Previously, scientists have used recombinant adeno-associated viral (rAAV) vectors have been to treat liver disorders such as hemophilia with some success. However, low doses of viral vectors do not usually lead to efficient transduction, and high doses can produce an immune response and possibly activate oncogenes—making it a risky option for treatment. For some diseases tested, genetically modified hepatocytes have been found to outcompete defective cells on their own, but this has not been the case with most liver disorders.
To overcome these problems, Nygaard and colleagues found a way to selectively expand genetically modified hepatocytes in vivo in mice. First, they created an rAAV vector to deliver a transgene designed to increase the expression of human factor 9 protein. Into their viral vector, the researchers inserted a short hairpin RNA (shRNA) that conferred resistance to the drug CEHPOBA, which inhibits a key enzyme involved in tyrosine catabolism. They then treated animals with either CEHPOBA or saline. Those treated with the drug saw their transgene expression increase by 10- to 1,000-fold compared with the controls, the researchers reported.
“We were very excited to find our vectors could provide high therapeutic potential with low doses,” Nygaard said during the briefing. Not only does his team’s approach allow researchers to use lower doses of the viral vector, the vector also lacks promoters, so it only allows cells that have been correctly targeted to be expanded, he added.
S. NYGAARDAnd the same approach could be used to treat other disorders, the researchers said. “The new method paves the way to therapies for many metabolic diseases,” study coauthor Adi Barzel, a molecular biologist at Stanford University, said during the briefing.

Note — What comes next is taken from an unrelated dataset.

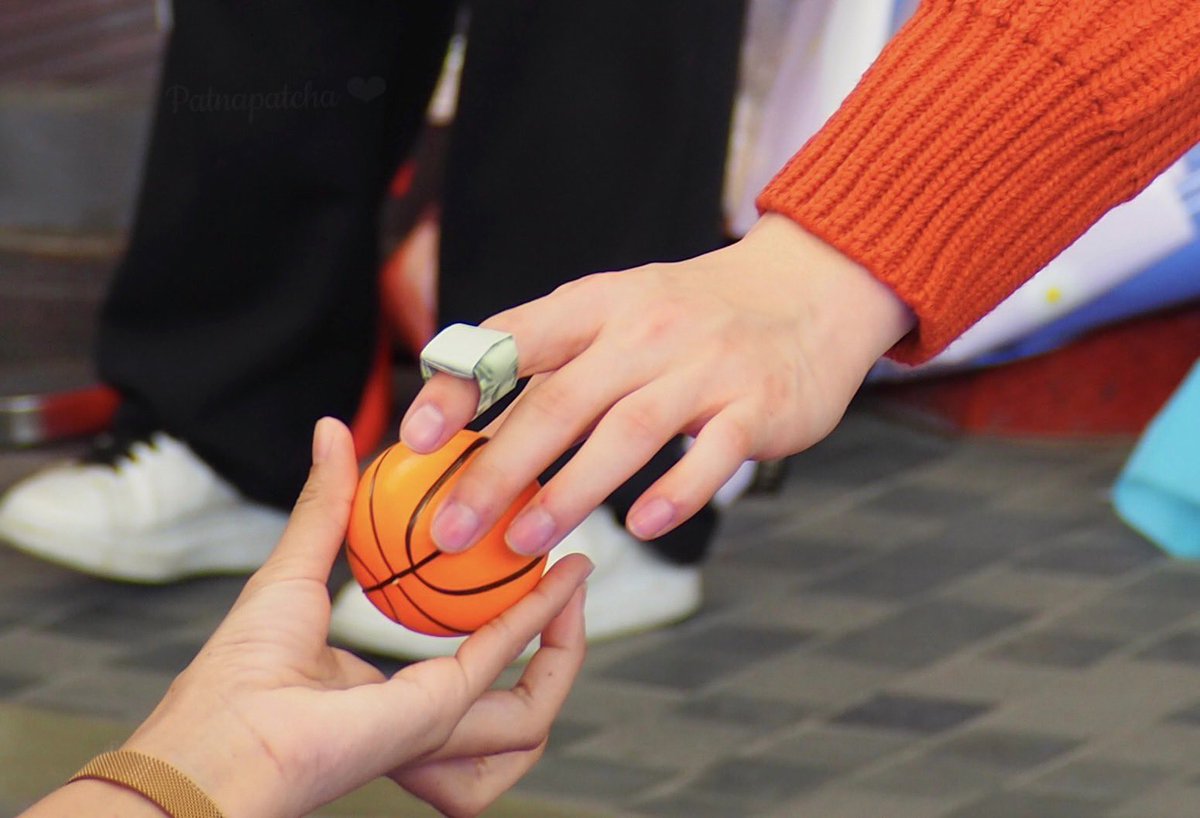 มักเน่ tweet media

Of course, there are some risks. “The risk from this approach is acute side effects of using a drug to impair the ability of nonmodified cells to divide,” study coauthor Markus Grompe, a professor of pediatrics and genetics at OHSU, said during the briefing. “However, we know that because the liver is so regenerative, any such intervention is likely to be completely reversible upon withdrawal of the agent,” he added.
“I think it’s a clever strategy,” Katherine High, president and chief scientific officer of Spark Therapeutics in Philadelphia, Pennsylvania, who was not involved in the study but has worked with one of the coauthors, told The Scientist.
The findings have yet to be replicated in other animals. “They’ve demonstrated proof-of-concept in a mouse model with a drug that’s not available for use in humans,” High said. “There’s still a fair amount left to be done.”
The selection method is one of several approaches currently being investigated, along with making more efficient viral vectors—an approach High and her colleagues are currently pursuing. Another approach involves readministering the vector to target a different population of cells.
“It’s always good to work on multiple different strategies,” High said.
S. Nygaard et al., “A universal system to select gene-modified hepatocytes in vivo,” Science Translational Medicine, doi:10.1126/scitranslmed.aad8166, 2016.